The XX Factor

It’s an App, Not a Book

I remain the kids and technology curmudgeon. When I hear, on NPR’s Morning Edition , digital app developer Michael Kripalani singing the praises of his 2-year-old’s ability to navigate his iPad, I wince. And when Kripalani-whose company has the right to develop Dr. Seuss’ books for digital media, so he’s something of an interested observer-says that “it’s really, really awe-inspiring when you see a 3- or 4- year old child that really gets [the iPad],” I want to shake him right out of my car radio.

It’s not awe-inspiring. I love my iPad, and it itself is pretty awe-inspiring-but it was, in fact, developed to be so simple that a child could do it. And when I see a child as young as 2 or 3 hunched over that, or some other piece of digital equipment, my reaction is never awe. It’s mostly disbelief.

I’ve seen some of the children’s book apps that have been created for the iPad, and I agree that some beautiful things have been done. For older kids, I’m convinced that the tablet is the textbook of the future. But for a small child, still learning things like language and vocab, that tablet is really nothing more than a very expensive cause-and-effect toy. Poke the bunny image, and it hops. Perhaps it says the word “bunny,” but studies have repeatedly shown that toddlers don’t learn words well from television, but need, instead, an actual human speaking being. Until researchers prove that the iPad and iPhone act diferently on a child’s mental processes than a television, I’ll continue to be convinced that for young kids, these aren’t “educational toys,” but pricey distractions.

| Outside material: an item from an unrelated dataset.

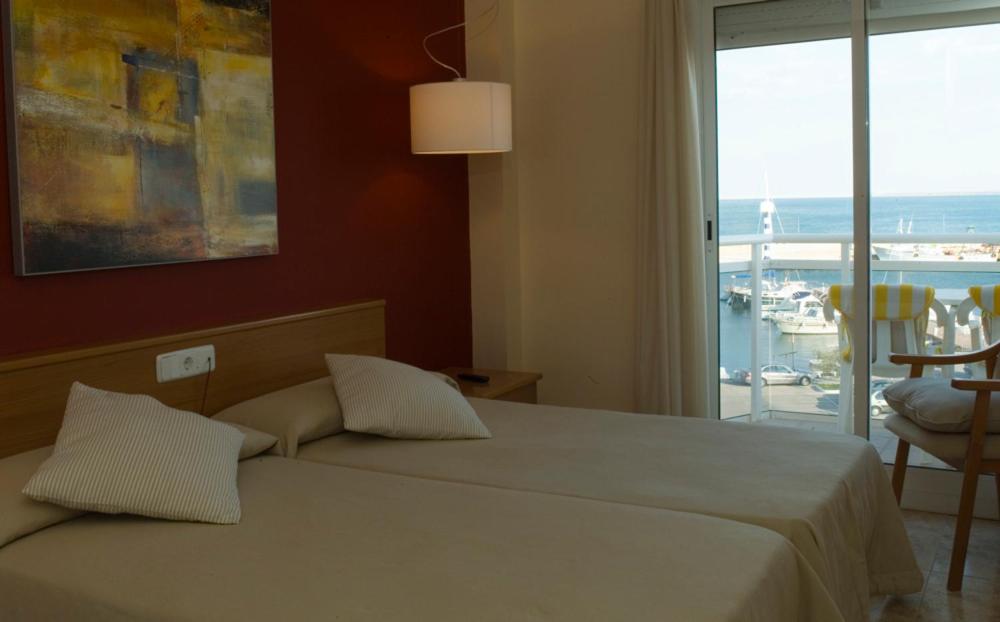 安波拉洛卡普兰纳酒店的一间卧室设有一张床,享有海景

And as distractions, they excel. And that, too, can be a problem. New York Public Library children’s librarian Elizabeth Bird told NPR that she’d rather see a parent in a grocery store hand a child a phone playing an app from the classic picture book Freight Train than Angry Birds. I see her point. A Freight Train app probably creates some positive associations with the book (although I’d be curious to see whether, after the excitement of the blatantly interactive app, the actual book, with its more subtle engagement, is a disappointment). But why hand the kid the phone in the grocery store at all?

With one exception-airplane travel-I think we’re too ready to sate our kids’ boredom or whining or even outright temper tantrums with a little digital dose. I see kids playing video games at restaurants, doctor’s offices and, infuriatingly, while sitting at an NBA finals game during the action. I sympathize-kids can be a pain under those circumstances, and there may be factors I know nothing about. (I, for example, might let a kid take a video game to, let’s say, not his brother’s first hockey game of the day, but the third.) But when, exactly, do they learn that sometimes you’re a little bored? Sometimes you wait, or converse with your parents, sometimes you make your own entertainment, or sometimes you just sit and politely do nothing?

I suspect they don’t. And the trouble with digital book apps is that they fool us into thinking that that’s okay. That we’re not just silencing the child, but actually doing good in the process. So I say, bring on the Angry Birds. Sometimes we’re going to hand over a digital babysitter. But let’s not pretend we’re doing anything else.